History of the British Isles
Class 7. England from 1066 to 1485
Norman England (1066-1154)
In 1066, William of Normandy invaded the Kingdom of England, defeated Anglo-Saxon King Harold of England and within several subsequent years secured his rule of England. Among the most important results you should know those listed below:
(1) a new French-speaking ruling class replaced old Anglo-Saxon nobility, bringing a new language, new habits and customs, new laws, etc.;
(2) Scandinavian influence disappeared. Instead, England was involved in the continental politics, paving a way to its centuries-long rivalry with France for the dominance in the Western Europe;
(3) Normans later conquered Wales and Ireland, and through inter-ethnic marriages penetrated into the Scottish aristocracy, which led to stronger ties within the British Isles.

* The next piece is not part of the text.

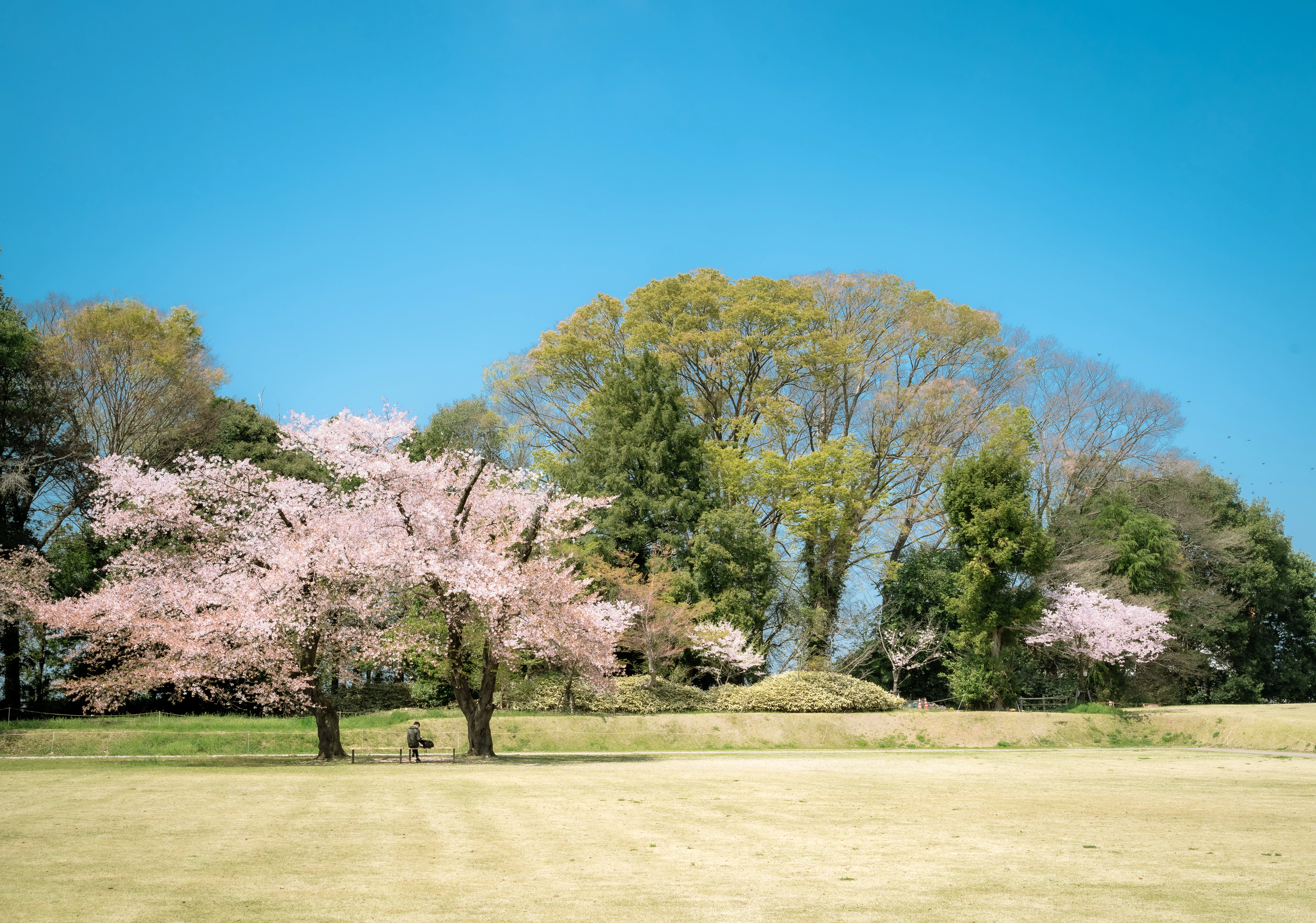 Tranquil Afternoon Under Sakura Blossoms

(4) Normans introduced a system of feudal relations onto the English soil, which intensified the social development of England.
England itself was at first only one part of the Norman posessions in Europe and the Middle Asia:
With the arrival of Normans, the structure of the English society became typically feudal:
Important events: The Battle of Hastings
Key terms and notions: Bayeux Tapestry, the Old Norman (Anglo-Norman) language, feudalism
Key figures: William the Conqueror
The House of Plantagenet (1154-1485)
The long rule of the House of Plantagenet in England was marked by a number of very important events and changes, including the loss of French territories, the graduale shift from the Norman to the English language, the emergence of the new English identity from two different Anglo-Norman and Anglo-Saxon identities, the Magna Carta, and the social evolution of the English society.
King Henry II of England
Ruled in 1154–1189. A successful king who was able to control his posessions despite claims from Scotland and France.
Richard the Lionheart
Ruled in 1189-1199. Famous for his participation in the Crusades, was absent from England throughout the almost entire course of his reign. An iconic figure in the English folklore.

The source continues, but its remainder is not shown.